O desempenho do enfermeiro constitui outro aspecto fundamental da organização de uma Unidade de Dor
Aguda. A importantíssima função do enfermeiro neste programa de acção hospitalar inicia-se desde logo pela
avaliação da dor, para a qual deverá ser um profissional de destacada importância, que lhe advém do contacto
próximo com o doente. Para além disso, o enfermeiro também desempenha uma função de grande valor na
interpretação dos sinais do efeito analgésico, nomeadamente dos possíveis efeitos adversos e ainda na
comunicação com o médico da Unidade.
Deve ainda ser responsável pela continuidade das terapêuticas, actuar em conformidade com os protocolos e
fazer os registos de vigilância das ocorrências.
O espaço físico constitui outro dos factores que mais determinantemente influenciam o funcionamento de uma
Unidade de Dor Aguda e, deste modo, a organização da analgesia no pós-operatório, nomeadamente porque não
existe um espaço físico exclusivo para estes programas, correspondendo esse espaço ao percurso do doente
operado.
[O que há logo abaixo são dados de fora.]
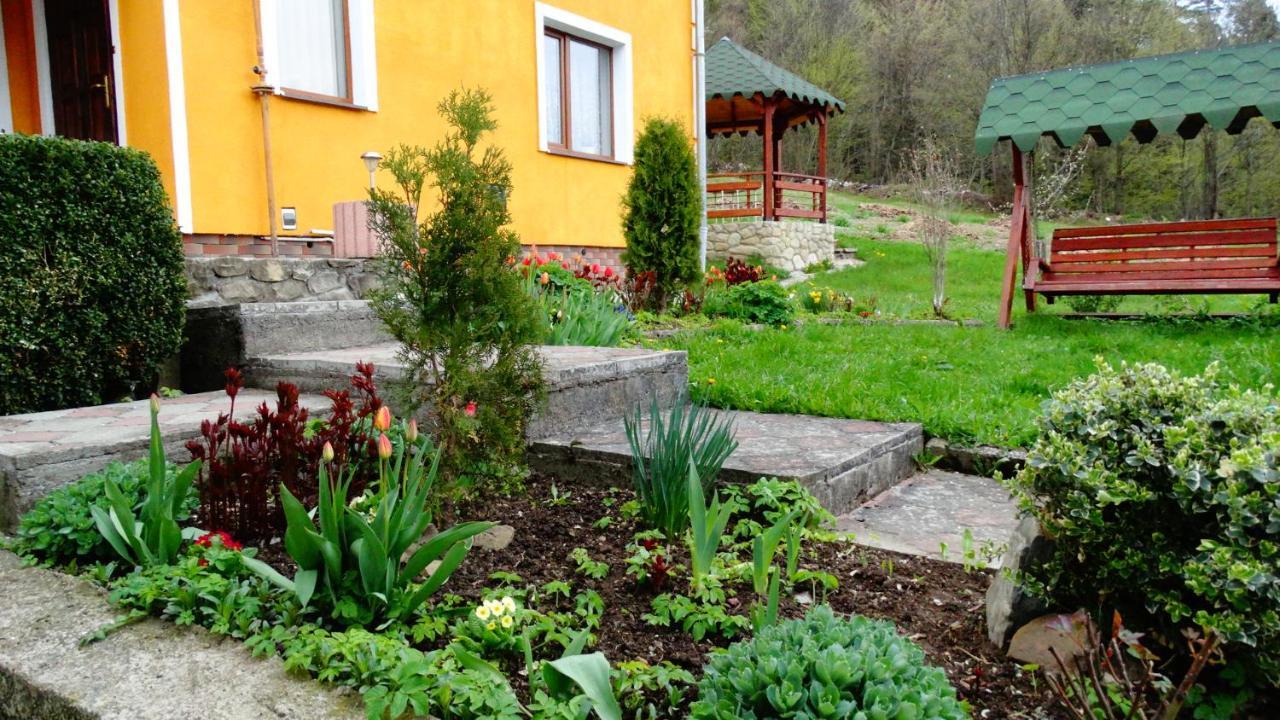 Guest House Karpaty Яремча Экстерьер фото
É, porém, imprescindível a existência de uma Unidade de Cuidados Pós-Anestésicos (UCPA), sendo
também desejável a existência de um segundo nível de cuidados – com metodologias próximas de uma Unidade
de Cuidados Intermédios – para o suporte do funcionamento da UCPA. No entanto, o espaço físico inerente à
analgesia do pós-operatório não se esgota nestas duas referidas unidades, onde geralmente se cumprem as 24
horas seguintes à operação; já que na enfermaria também se analgesiam doentes, onde se poderá manter a
aplicação de muitos dos protocolos de analgesia.
Os critérios de transição entre a UCPA, o segundo nível de cuidados e a enfermaria, são do conhecimento geral
e deverão ser sempre estabelecidos e aplicados por cada Unidade, contemplando também a dor, muitas vezes
esquecida enquanto critério de alta da UCPA.
Inevitavelmente, a organização das Unidades de Dor Aguda exige algum aumento de custos económicos.
Verificou-se na Suécia que a adopção destas novas medidas e estruturas conduziu a um aumento dos gastos de
2 a 3 euros por doente; no Reino Unido, o aumento do custo económico foi de 3,5 libras por doente. Estes
valores não só são pouco expressivos como deverão ainda ser interpretados à luz do benefício conseguido na
qualidade e segurança da analgesia, indispensáveis e extremamente significativas para os doentes em pós-
operatório.
Só assim poderão ser garantidas condições óptimas de vigilância em todos os locais do pós-operatório, bem
como metodologias de avaliação da eficácia analgésica. Em todo este circuito, o enfermeiro assume um papel
central, devendo ser garantida a formação e informação de todo o pessoal.